| Problem |
Please set down only the lines below starting with the line with "John Lewis Lenovo" and going on through the line with "Bergner - Poêle", verbatim and without pictures.
--- Data provided ---
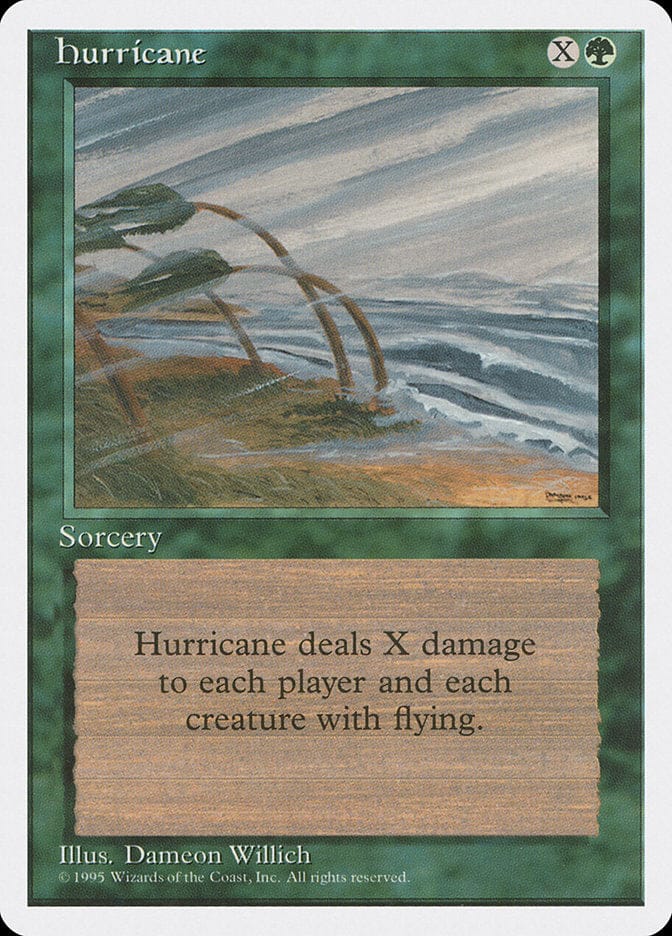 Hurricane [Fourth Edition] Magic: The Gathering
---
--- Data provided ---
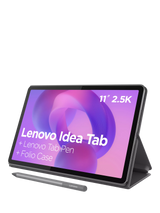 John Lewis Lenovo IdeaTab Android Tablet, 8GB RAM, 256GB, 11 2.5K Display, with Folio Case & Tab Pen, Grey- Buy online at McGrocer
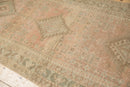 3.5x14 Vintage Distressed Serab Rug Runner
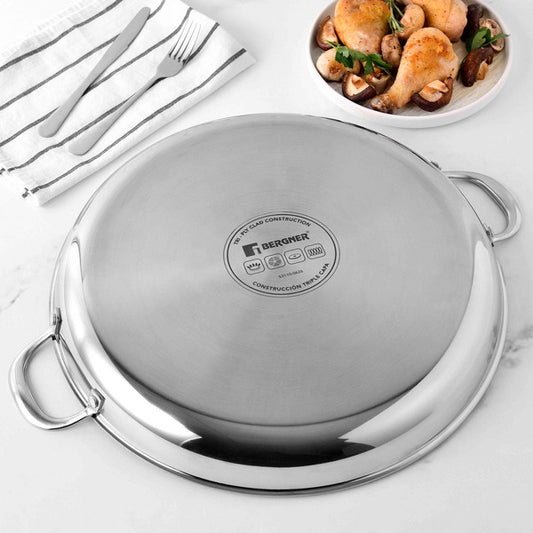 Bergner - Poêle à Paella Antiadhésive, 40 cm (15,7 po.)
---
| Answer section |
 John Lewis Lenovo IdeaTab Android Tablet, 8GB RAM, 256GB, 11 2.5K Display, with Folio Case & Tab Pen, Grey- Buy online at McGrocer
 3.5x14 Vintage Distressed Serab Rug Runner
 Bergner - Poêle à Paella Antiadhésive, 40 cm (15,7 po.)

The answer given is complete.